Behind this long, low building was still another, a mere shed. Smoke rose from the sheet-iron chimney. There was somebody moving about inside the open door.

As I stood gaping at this mushroom hamlet the professor appeared at the door and asked me to enter. I stepped in at once.

The house was much larger than I had imagined. A straight hallway ran through the centre from east to west. On either side of this hallway were rooms, the doors swinging wide open. I counted three doors on each side; the three on the south appeared to be bedrooms.

The professor ushered me into a room on the north side, where I found Captain McPeek and Frisby sitting at a table, upon which were drawings and sketches of articulated animals and fishes.

"You see, McPeek," said the professor, "we only wanted one more man, and I think I've got him. – Haven't I?" turning eagerly to me.

"Why, yes," I said, laughing; "this is delightful. Am I invited to stay here?"

"Your bedroom is the third on the south side; everything is ready. McPeek, you can bring his trunk to-morrow, can't you?" demanded the professor.

The red-faced captain nodded, and shifted a quid.

"Then it's all settled," said the professor, and he drew a sigh of satisfaction. "You see," he said, turning to me, "I was at my wit's end to know whom to trust. I never thought of you. Jack's out in China, and I didn't dare trust anybody in my own profession. All you care about is writing verses and stories, isn't it?"

"I like to shoot," I replied mildly.

"Just the thing!" he cried, beaming at us all in turn. "Now I can see no reason why we should not progress rapidly. McPeek, you and Frisby must get those boxes up here before dark. Dinner will be ready before you have finished unloading. Dick, you will wish to go to your room first."

My name isn't Dick, but he spoke so kindly, and beamed upon me in such a fatherly manner, that I let it go. I had occasion to correct him afterward, several times, but he always forgot the next minute. He calls me Dick to this day.

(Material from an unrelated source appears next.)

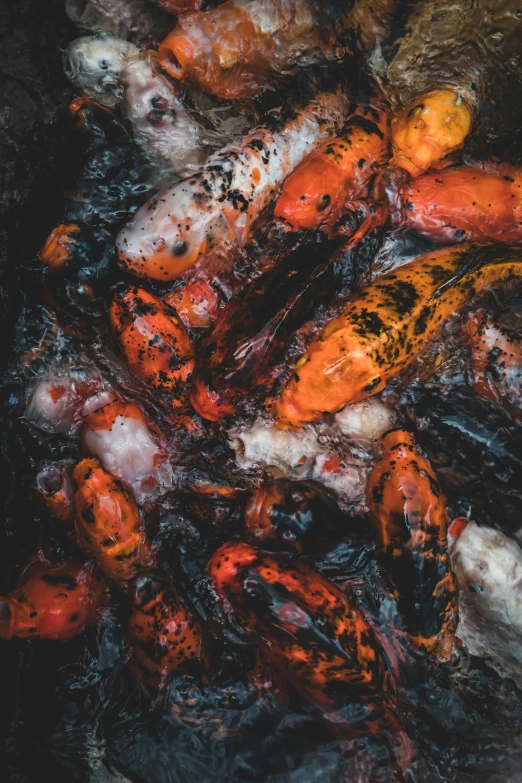 a group of koi fish swimming in a pond, by Adam Marczyński, unsplash contest winner, process art, pile of bodies, boiling, orange and black, high angle close up shot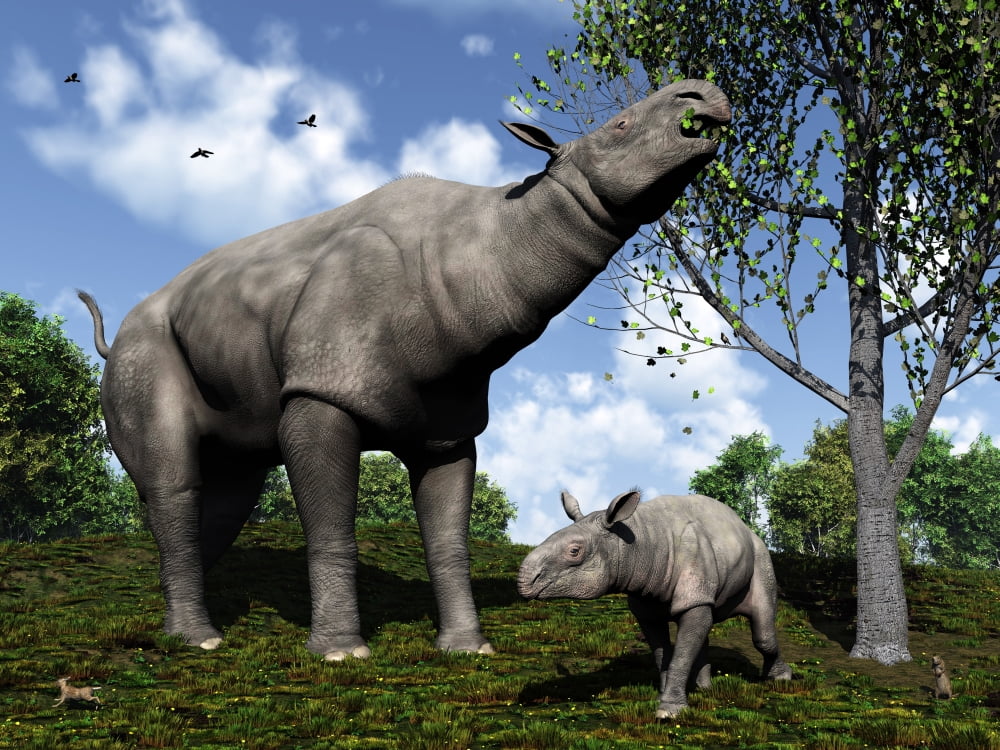 A Paraceratherium mother grazes on leaves and twigs of a poplar tree Canvas Art - Walter MyersStocktrek Images (17 x 13)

It was dark when Professor Holroyd, his daughter, and I sat down to dinner. The room was the same in which I had noticed the drawings of beast and bird, but the round table had been extended into an oval, and neatly spread with dainty linen and silver.

A fresh-cheeked Swedish girl appeared from a further room, bearing the soup.

The professor ladled it out, still beaming.

"Now, this is very delightful! – isn't it, Daisy?" he said.

"Very," said Miss Holroyd, with the faintest tinge of irony.

"Very," I repeated heartily; but I looked at my soup when I said it.

"I suppose," said the professor, nodding mysteriously at his daughter, "that Dick knows nothing of what we're about down here?"

"I suppose," said Miss Holroyd, "that he thinks we are digging for fossils."

I looked at my plate. She might have spared me that.

"Well, well," said her father, smiling to himself, "he shall know everything by morning. You'll be astonished, Dick, my boy."

"His name isn't Dick," corrected Daisy.

The professor said, "Isn't it?" in an absent-minded way, and relapsed into contemplation of my necktie.

I asked Miss Holroyd a few questions about Jack, and was informed that he had given up law and entered the diplomatic service – as what, I did not dare ask, for I know what our diplomatic service is.

"In China," said Daisy.

"Choo Choo is the name of the city," added her father proudly; "it's the terminus of the new trans-Siberian railway."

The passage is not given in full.